╔══
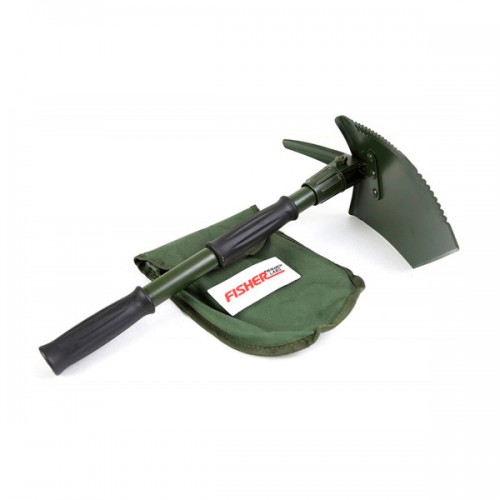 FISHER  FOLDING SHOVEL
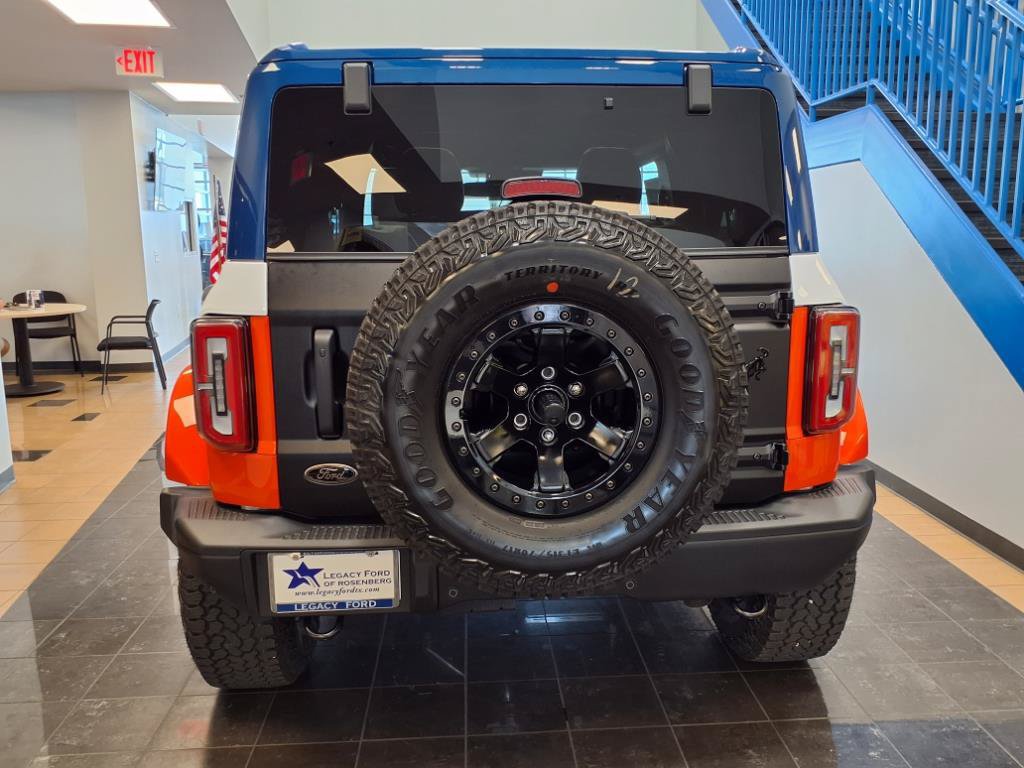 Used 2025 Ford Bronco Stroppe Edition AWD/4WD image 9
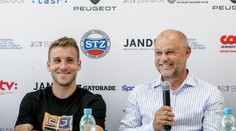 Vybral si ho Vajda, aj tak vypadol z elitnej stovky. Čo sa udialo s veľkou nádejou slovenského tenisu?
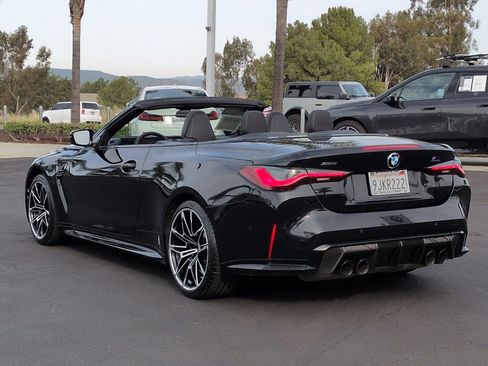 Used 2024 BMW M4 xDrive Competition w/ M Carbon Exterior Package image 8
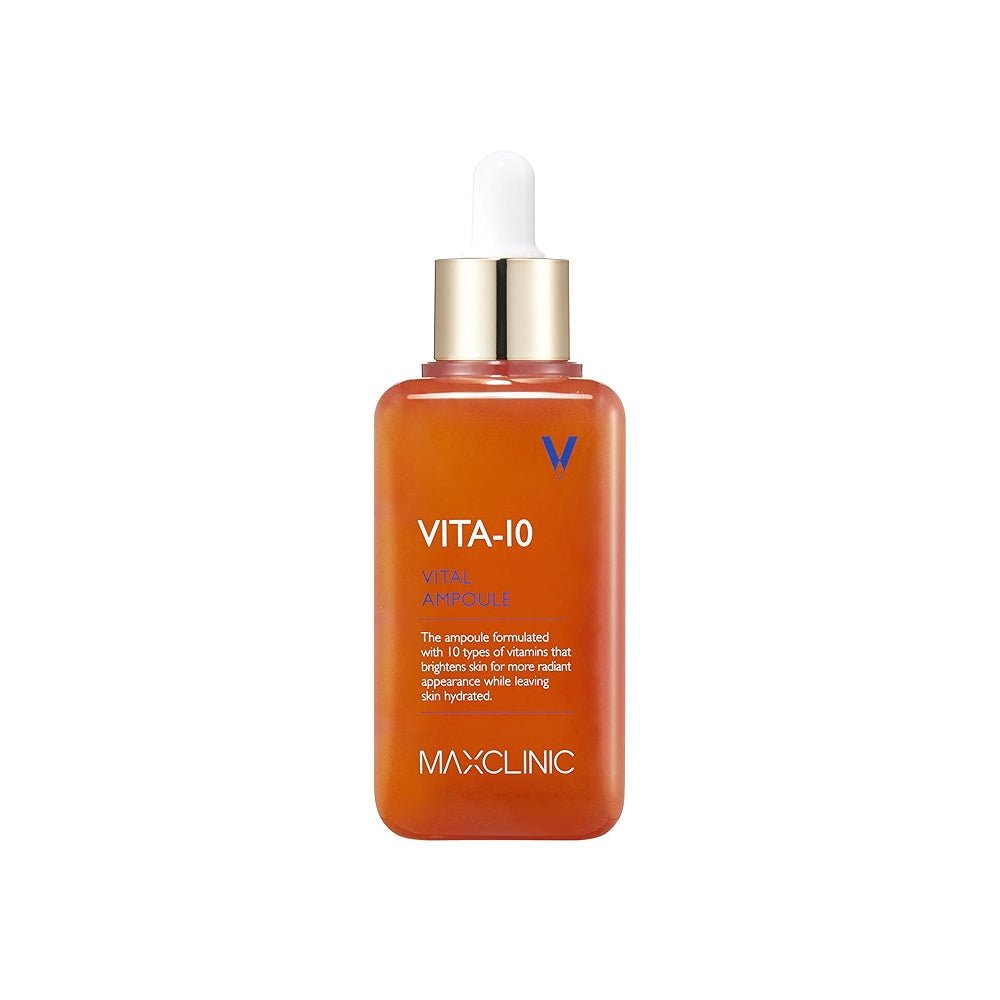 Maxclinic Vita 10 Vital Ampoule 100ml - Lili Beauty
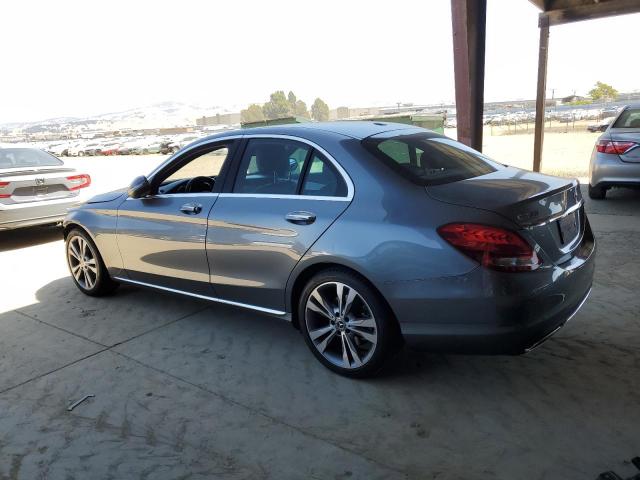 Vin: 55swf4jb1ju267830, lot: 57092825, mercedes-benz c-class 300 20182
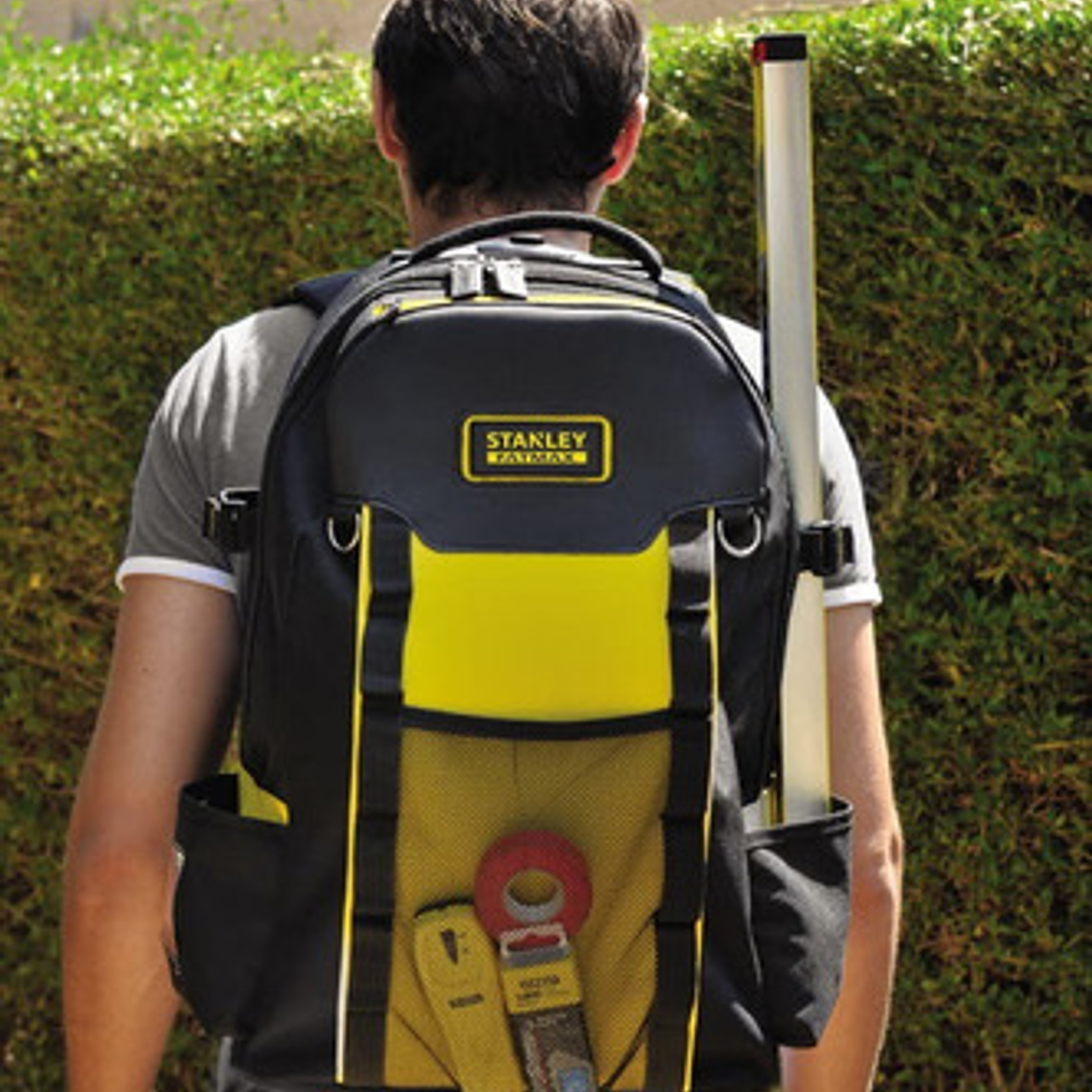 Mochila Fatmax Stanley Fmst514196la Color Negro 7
╚══
╔══
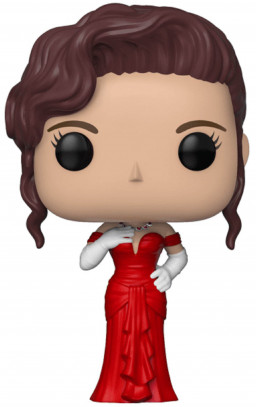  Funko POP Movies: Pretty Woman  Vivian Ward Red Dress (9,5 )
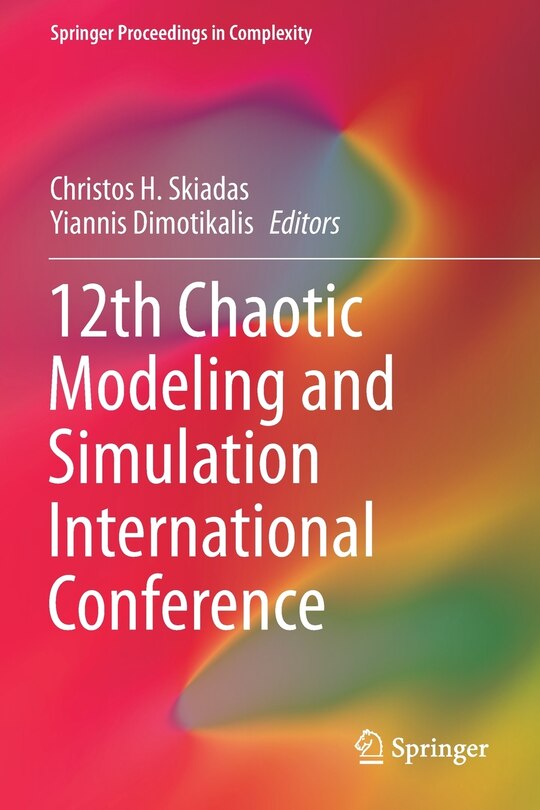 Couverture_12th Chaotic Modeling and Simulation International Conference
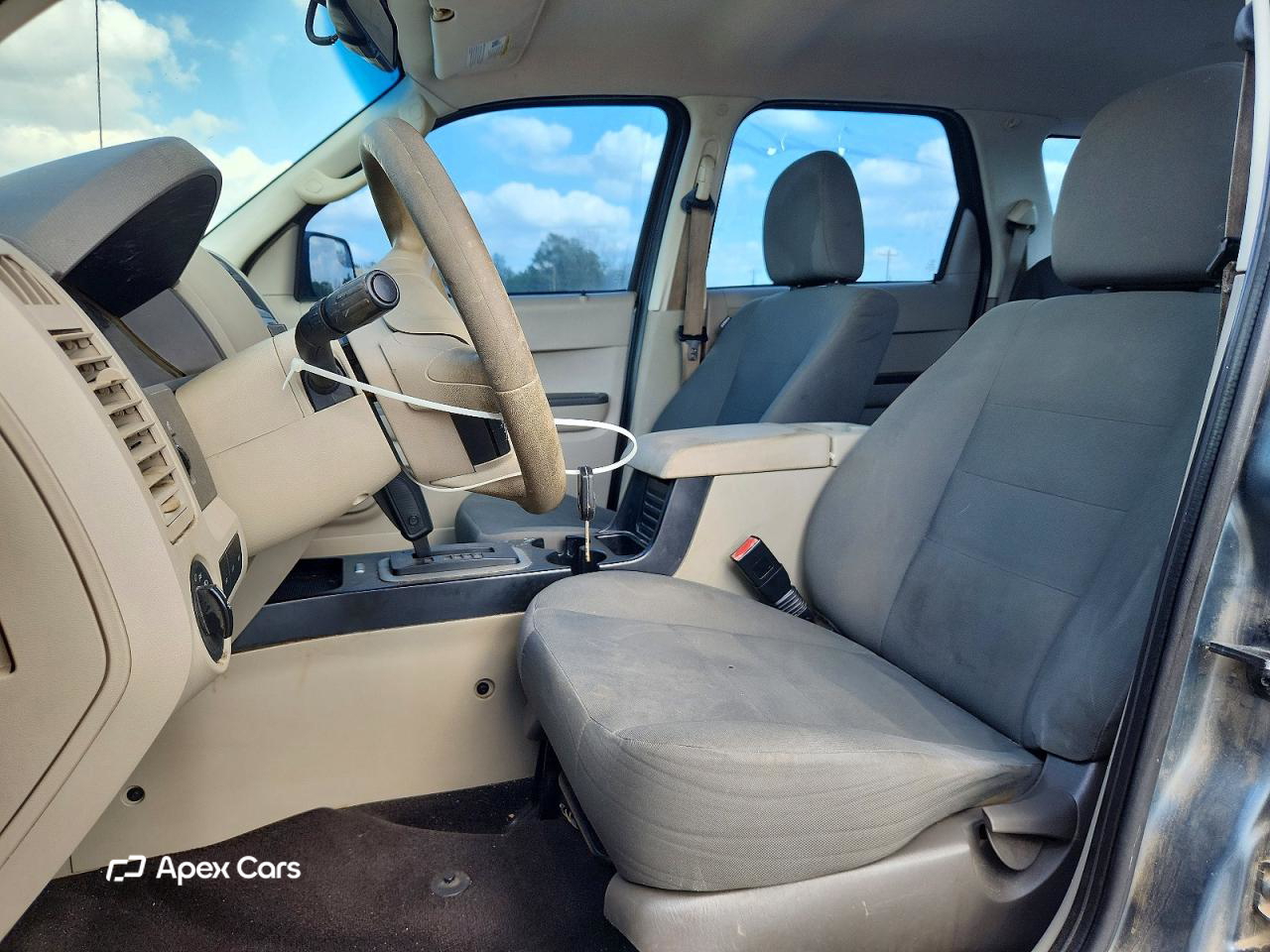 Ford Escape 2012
╚══
╔══
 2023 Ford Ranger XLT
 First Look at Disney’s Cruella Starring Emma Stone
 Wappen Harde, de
╚══
About this task >> Go to the line above that has "Used 2025 Ford" and copy exactly from there down to the line that has "Mochila Fatmax Stanley", both included. Leave the pictures out.

Response box >>
 Used 2025 Ford Bronco Stroppe Edition AWD/4WD image 9
 Vybral si ho Vajda, aj tak vypadol z elitnej stovky. Čo sa udialo s veľkou nádejou slovenského tenisu?
 Used 2024 BMW M4 xDrive Competition w/ M Carbon Exterior Package image 8
 Maxclinic Vita 10 Vital Ampoule 100ml - Lili Beauty
 Vin: 55swf4jb1ju267830, lot: 57092825, mercedes-benz c-class 300 20182
 Mochila Fatmax Stanley Fmst514196la Color Negro 7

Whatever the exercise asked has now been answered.